Seeing Butler’s name on the latest scandal reminded me that I wrote a blogpost about transracialism and about this scandal a year ago when it aired. In brief, in March last year a non-tenured female assistant professor at an American University, Rebecca Tuvel, published an article in the feminist journal Hypatia which basically argued that a) the process of becoming transgender is a real thing; b) transracialism has many similarities with the process of becoming transgender; c) if you accept the validity of transgender people’s self-identity, you should probably accept the validity of a person’s choice to be transracial. The article was clear, concise and well argued, very much in the spirit of Peter Singer’s work on vegetarianism and animal rights, or Bertrand Russell’s work on religion and war (I think she is an analytic philosopher and so are they, so that makes sense, though I don’t know much about these categories). For a certain class of American activist academics the implications of this work were terrifying: either they rejected transracialism out of hand for obviously dubious reasons, and were scared that Tuvel’s conclusions would degrade the rights of transgender people; or they didn’t really respect transgender rights, and wanted to stop the extension of transgender rights to transracial rights at any cost. This unholy alliance of idiots conspired to write a letter – with 800 signatories! – demanding Hypatia retract the article. In the process they traduced Tuvel’s reputation, embarrassed the journal and their own field, disgraced themselves, and and signally failed to engage with the substance of Tuvel’s work in any way, shape or form. In addition to all of these stupid failings, they also did their very best to destroy Tuvel’s career, which obviously was the worst consequence of all this bullshit.

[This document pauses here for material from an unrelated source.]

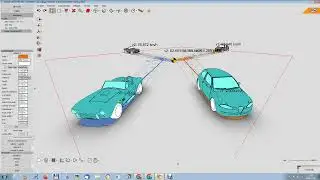 Virtual CRASH 5 help momentum link 3d and spring effect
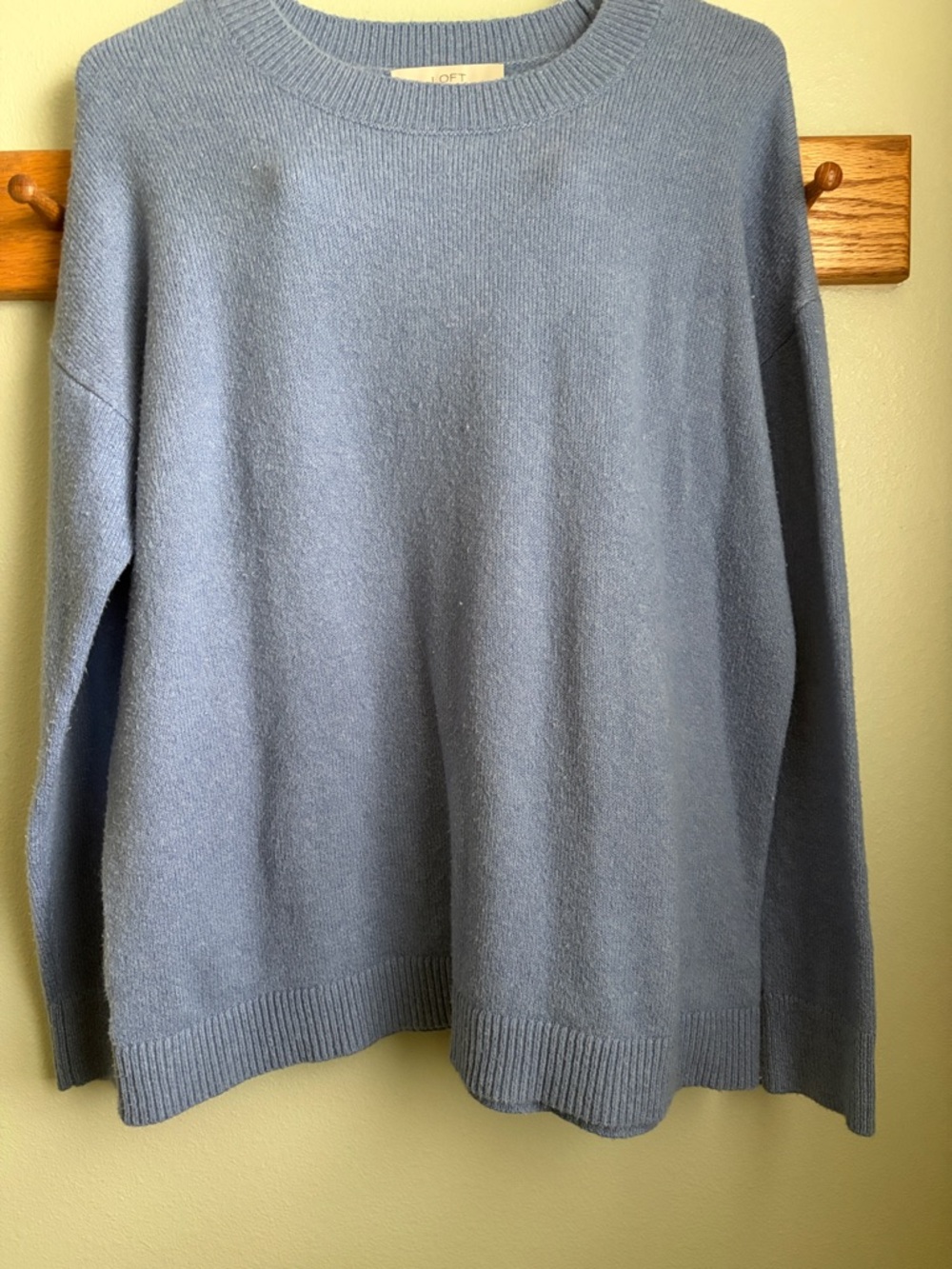 LOFT Women’s Crewneck Sweater in Slate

So today, seeing Butler and her colleagues at work on this stuff again, I found myself wondering what happened to Tuvel after “that little unpleasantness” in May last year? So I did a search, and I was surprised and pleased to discover that she still has her job at Rhodes (I don’t know if she has been approved for tenure or not, or if it is even possible for an Assistant Professor to get tenure), she is still teaching (including the Freedom and Oppression component of Philosophy 101, haha!) and she lists her work on transracialism as her major research interest, so whatever happened over the past year appears not to have destroyed her passion for this interesting topic [1]. So it appears that any consequences of the brouhaha didn’t affect her work, which is great. I checked the status of her paper on the Hypatia website, and it has been cited 4 times already, though google gives it up to 33 citations. In either case this is excellent – getting 4 citations in the first year of publication of a paper is very good, especially in Philosophy. I think the Hypatia metrics are bodgy though because she definitely has been cited more times than that. In particular, I was cheered to discover that the journal Philosophy Today had a whole special issue responding to her paper. This is frankly awesome – very few academics at any level, no matter how original, get to have a whole journal issue devoted to dissecting their work, and to have this opportunity arise from a controversial work that nearly sunk your career is really good. It’s worth noting that in the wash up of the original scandal the issue is generally positive, including an article on the lack of intellectual generosity shown in the response to her work, and some discussion of its implications for various aspects of theory. Tuvel gets to write a response (of course), which means that she gets an extra publication out of her own work, and a bunch of citations – jolly good!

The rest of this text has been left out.